They also demanded the investigating officers to meet survivors in the Harare police station where the cases are opened.

Free Gender chairperson Lwethu Kala said numerous memorandums were submitted to the police station with no outcomes, while rape survivors faced secondary victimisation from the police processes.

“On August 2020, Constance, a lesbian, was raped at eNdlovini and the rapist was caught by the community and handed over to Harare police station but was released without any contact with the victim.

“On November 26, she was called at Site B at 8am by the investigating officer but the investigating officer never arrived. It was only after she sought help that a statement was obtained in January 2021 and is still waiting for justice. She has received no calls and no update from the investigating officer.

“We believed that if all these cases were handled in Harare police station, it would be easy for the families and survivors to follow up their cases without any confusion and that has not been the case,” said Kala.

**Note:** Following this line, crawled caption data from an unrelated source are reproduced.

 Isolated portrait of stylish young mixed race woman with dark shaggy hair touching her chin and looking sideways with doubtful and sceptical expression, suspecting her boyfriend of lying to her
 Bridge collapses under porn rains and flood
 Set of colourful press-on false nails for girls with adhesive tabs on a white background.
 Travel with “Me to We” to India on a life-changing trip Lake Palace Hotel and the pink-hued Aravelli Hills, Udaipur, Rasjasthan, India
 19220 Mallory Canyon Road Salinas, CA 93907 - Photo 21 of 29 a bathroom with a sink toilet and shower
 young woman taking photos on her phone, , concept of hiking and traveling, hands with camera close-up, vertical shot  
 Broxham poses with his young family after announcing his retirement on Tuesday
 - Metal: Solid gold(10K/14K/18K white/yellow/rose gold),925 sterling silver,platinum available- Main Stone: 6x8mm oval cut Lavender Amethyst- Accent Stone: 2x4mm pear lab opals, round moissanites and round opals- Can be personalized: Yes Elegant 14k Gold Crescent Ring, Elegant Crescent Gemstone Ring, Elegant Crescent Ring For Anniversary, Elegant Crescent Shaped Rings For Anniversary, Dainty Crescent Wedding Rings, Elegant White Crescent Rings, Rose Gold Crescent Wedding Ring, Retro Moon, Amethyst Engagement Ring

Harare Community Policing Forum chairperson Funeka Soldaat said there was more that police could do to improve its services to the LGBTQIA+ community.

“We believe that if the services were offered in one roof it would be easy to follow up on the cases. Having the FCS (Family Violence, Child Protection and Sexual Offences) unit in Site B while a statement is taken in Harare has created a lot of confusion with loss of hope.

“They are not told that cases are transferred to Site B and this and that is worrying considering the rampant sexual victimisation of lesbians in our community. They are targeted because some men want to prove a point that homosexuality can be corrected.

“Police need training on ensuring that they treat rape cases from the LGBTQIA+ with utmost professionalism that it deserves,” she said.

Harare police station communications officer Nosiphiwo Mtengwane said the station was not aware of what transpires after rape victims were sent to Thuthuzela centres as sexual assault cases were transferred to Site B police station.

She said the police management would study the memorandum and revert back about the demands within seven days.